Using cargo-fuzz to Transfer Code Review of Simple Safe Code to Complex Code that Uses unsafe

encoding_rs::mem is a Rust module for performing conversions between different in-RAM text representations that are relevant to Gecko. Specifically, it converts between potentially invalid UTF-16, Latin1 (in the sense that unsigned byte value equals the Unicode scalar value), potentially invalid UTF-8, and guaranteed-valid UTF-8, and provides some operations on buffers in these encodings, such as checking if a UTF-16 or UTF-8 buffer only has code points in the ASCII range or only has code points in the Latin1 range. (You can read more about encoding_rs::mem in a write-up about encoding_rs as a whole.)

The whole point of this module is to make things very fast using Rust’s (not-yet-stable) portable SIMD features. The code was written before slices in the standard library had the align_to method or the chunks_exact method. Moreover, to get speed competitive with the instruction set-specific and manually loop-unrolled C++ code that the Rust code replaced, some loop unrolling is necessary, but Rust does not yet support directives for the compiler that would allow the programmer to request specific loop unrolling from the compiler.

As a result, the code is a relatively unreviewable combination of manual alignment calculations, manual loop unrolling and manual raw pointer handling. This indeed achieves high speed, but by looking at the code, it isn’t at all clear whether the code is actually safe or otherwise correct.

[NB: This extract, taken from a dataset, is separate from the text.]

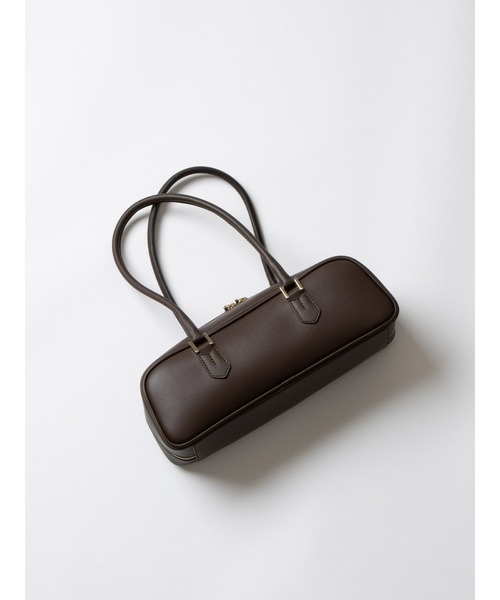allureville(アルアバイル)の「ホリゾンタル ボストンバッグ(ショルダーバッグ・レディース・ダークブラウン・FREE)」の16枚目の写真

To validate the correctness of the rather unreviewable code, I used model-based testing with cargo-fuzz. cargo-fuzz provides Rust integration for LLVM’s libFuzzer coverage-guided fuzzer. That is, the fuzzer varies the inputs it tries based on observing how the inputs affect the branches taken inside the code being fuzzed. The fuzzer runs with one of LLVM’s sanitizers enabled. By default, the Address Sanitizer (ASAN) is used. (Even though the sanitizers should never find bugs in safe Rust code, the sanitizers are relevant to bugs in Rust code that uses unsafe.)

I wrote a second implementation (the “model”) of the same API in the most obvious way possible using Rust standard-library facilities and without unsafe, except where required to be able to write into an &mut str. I also used the second implementation to validate the speed of the complex implementation. Obviously, there’d be no point in having a complex implementation if it wasn’t faster than the simple and obvious one. (The complex implementation is, indeed, faster.)

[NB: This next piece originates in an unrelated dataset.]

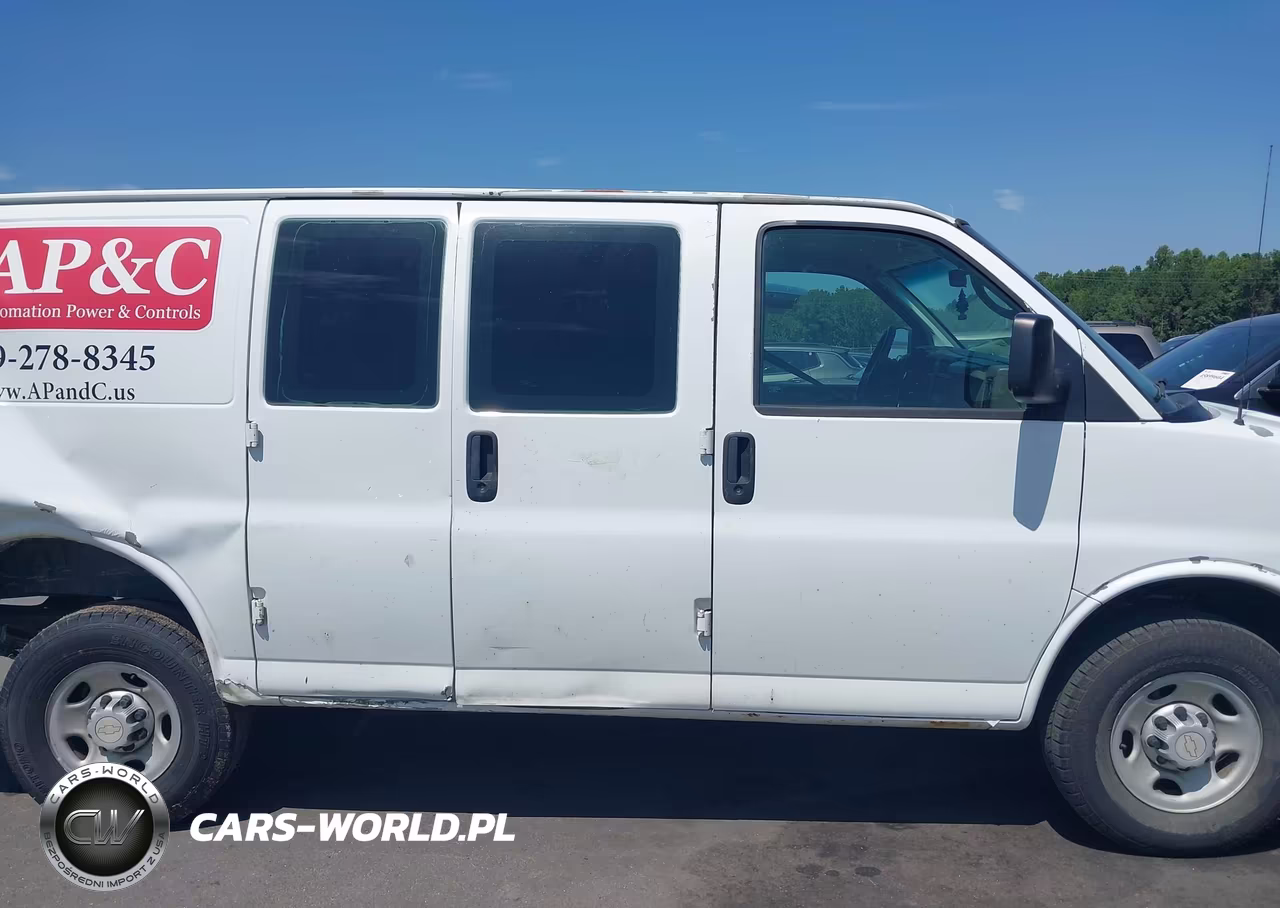 2007 Chevrolet Express Cargo Van Work Van VIN:1GCHG35U571106931 - 14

For example, the function for checking if a buffer of potentially invalid UTF-16 only contains characters in the Latin1 range is 8 lines (including the function name and the closing brace) in the safe version. In the fast version, it’s 3 lines that just call to another function expanded from a macro, where the expansion is either generated using either a 76-line SIMD-using macro or a 71-line ALU-using macro depending on whether the code was compiled with SIMD enabled. Of these macros, the SIMD calls another (tiny) function that has a specialized implementation for aarch64 and a portable implementation.

To use cargo-fuzz, you create a “fuzzer script”, which is a Rust function that gets a slice of bytes from the fuzzer and exercises the code being fuzzed. In the case of fuzzing encoding_rs::mem, the first byte is used to decide which function to exercise and the rest of the slice is used as the input to the function. When the function being called takes a slice of u16, a suitably aligned u16 subslice of the input is taken.

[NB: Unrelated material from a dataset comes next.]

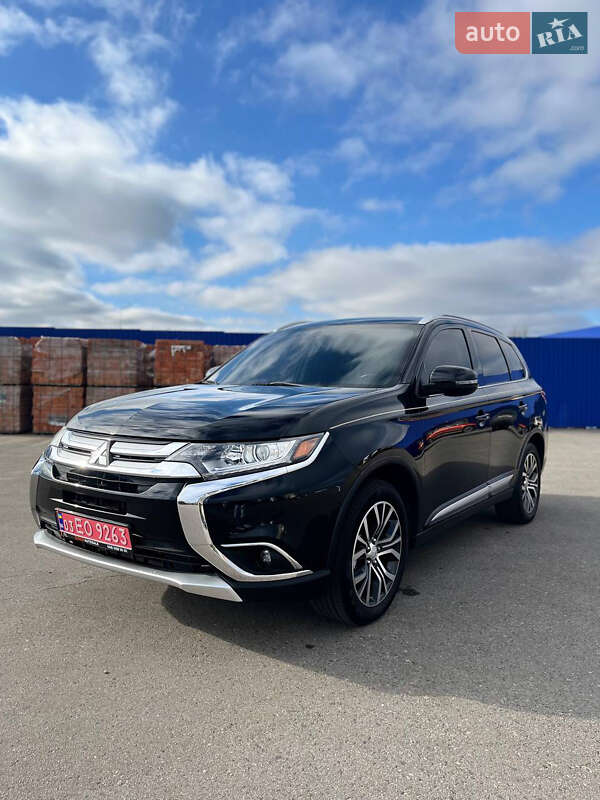 Внедорожник / Кроссовер Mitsubishi Outlander 2015 в Кропивницком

For each function, the fuzzer script calls both the complex implementation and the corresponding simple implementation with the same input and checks that the outputs match. The fuzzer finds a bug if the outputs don’t match, if there is a panic, or if the LLVM Address Sanitizer notices bad memory access, which could arise from the use of unsafe.

Once the fuzzer fails to find problems after having run for a few days, we can have high confidence that the complex implementation is correct in the sense that its observable behavior, ignoring speed, matches the observable behavior of the simple implementation. Therefore, a code review for the correctness of the simple implementation can, with high confidence, be considered to apply to the complex implementation as well.